数据工厂使用BOM将UTF-8编码为Datalake

时间:2019-09-30 08:48:48

标签: azure azure-data-lake azure-data-factory-2

我在Azure数据工厂中有一个管道,该管道执行REST API调用,并将其保存到Azure数据湖Gen2上的json对象。它始终使用BOM将文件编码为UTF-8。这会导致我的逻辑应用程序出现问题,我需要将文件编码为没有BOM的UTF-8。

在Data Factory中选择数据集上的编码时,我可以在UTF-8(默认)和UTF-8之间进行选择。这两个选项都将json文件另存为带有BOM的UTF-8。

我已经尝试过Base64ToString()将带有BOM表文件的UTF-8转换为字符串,但这仍然无法解析json。
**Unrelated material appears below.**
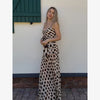 Contrast Polka Dot Sheer Short Dress Women Chic Lapel V-neck Long Flare Sleeves With Wrap Tie Dresses Layered Daily Ootd Styling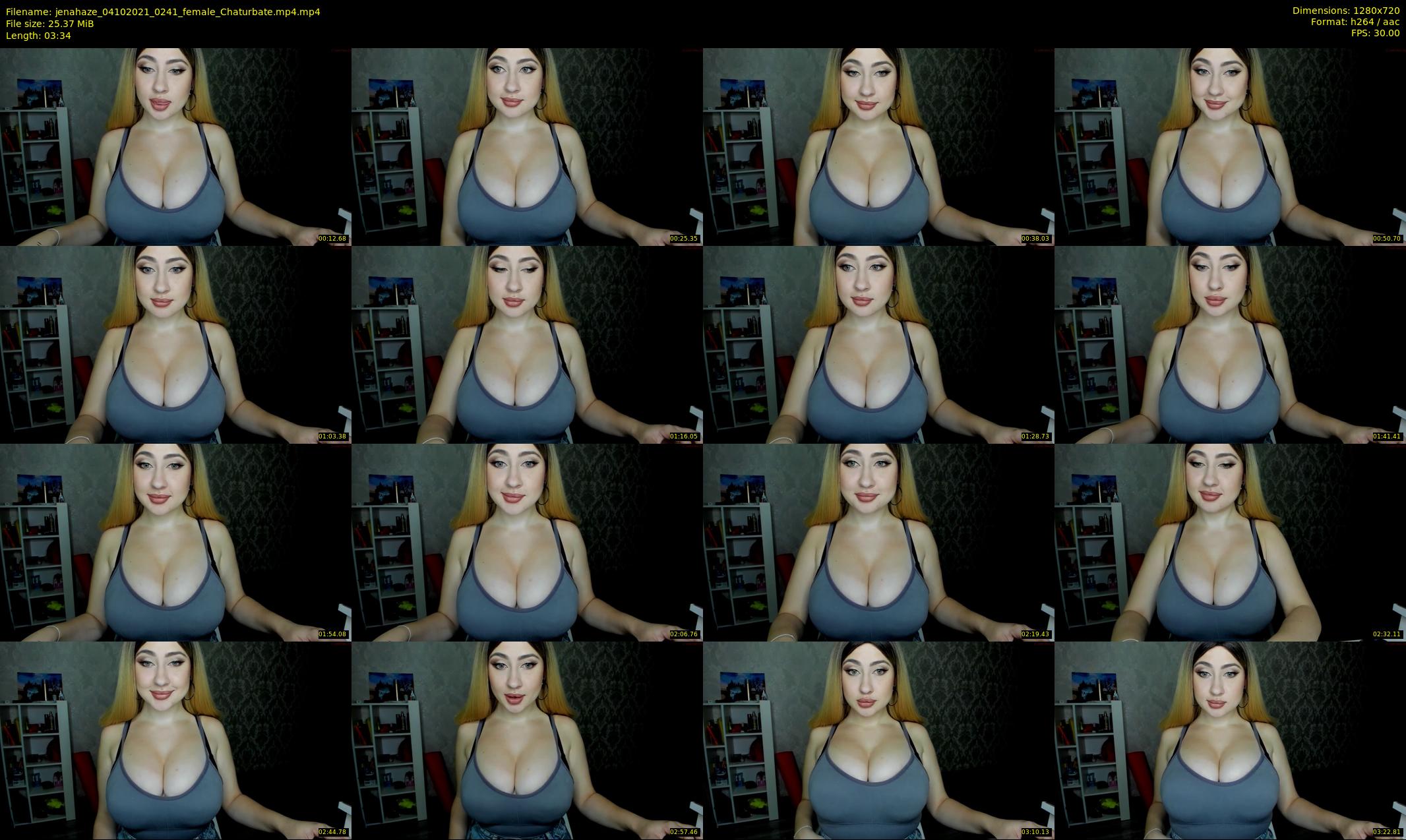 jenahaze — 4 minute Chaturbate female cam show recording, 720p, Oct 4, 2021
我猜有隐藏的BOM表字符吗?

这是Data Lake数据集的代码:

 {
    "name": "Datalake",
    "properties": {
        "linkedServiceName": {
            "referenceName": "Datalake",
            "type": "LinkedServiceReference"
        },
        "parameters": {
            "datasetfolder": {
                "type": "string",
                "defaultValue": "@pipeline().parameters.folder"
            }
        },
        "annotations": [],
        "type": "Json",
        "typeProperties": {
            "location": {
                "type": "AzureBlobFSLocation",
                "fileName": {
                    "value": "@concat(formatDateTime(utcnow()), '.json')",
                    "type": "Expression"
                },
                "folderPath": {
                    "value": "@concat(formatDateTime(utcNow(),'yyyy-MM-dd'))",
                    "type": "Expression"
                },
                "fileSystem": {
                    "value": "@dataset().datasetfolder",
                    "type": "Expression"
                }
            }
        }
    },
    "type": "Microsoft.DataFactory/factories/datasets"
}

这是管道的代码:

    "name": "2 - Microsoft365_AuditData_to_Datalake",
    "properties": {
        "activities": [
            {
                "name": "Copy Data1",
                "type": "Copy",
                "dependsOn": [],
                "policy": {
                    "timeout": "7.00:00:00",
                    "retry": 0,
                    "retryIntervalInSeconds": 30,
                    "secureOutput": false,
                    "secureInput": false
                },
                "userProperties": [],
                "typeProperties": {
                    "source": {
                        "type": "RestSource",
                        "httpRequestTimeout": "00:01:40",
                        "requestInterval": "00.00:00:00.010",
                        "requestMethod": "GET",
                        "additionalHeaders": {
                            "Content-Type": "application/json; charset=utf-8"
                        }
                    },
                    "sink": {
                        "type": "JsonSink",
                        "storeSettings": {
                            "type": "AzureBlobFSWriteSettings",
                            "copyBehavior": "FlattenHierarchy"
                        },
                        "formatSettings": {
                            "type": "JsonWriteSettings",
                            "quoteAllText": true,
                            "filePattern": "arrayOfObjects"
                        }
                    },
                    "enableStaging": false
                },
                "inputs": [
                    {
                        "referenceName": "REST_Microsoft0365_Audit",
                        "type": "DatasetReference"
                    }
                ],
                "outputs": [
                    {
                        "referenceName": "Datalake",
                        "type": "DatasetReference",
                        "parameters": {
                            "datasetfolder": "@pipeline().parameters.folder"
                        }
                    }
                ]
            }
        ],
        "parameters": {
            "folder": {
                "type": "string",
                "defaultValue": "auditgeneral"
            }
        },
        "annotations": []
    },
    "type": "Microsoft.DataFactory/factories/pipelines"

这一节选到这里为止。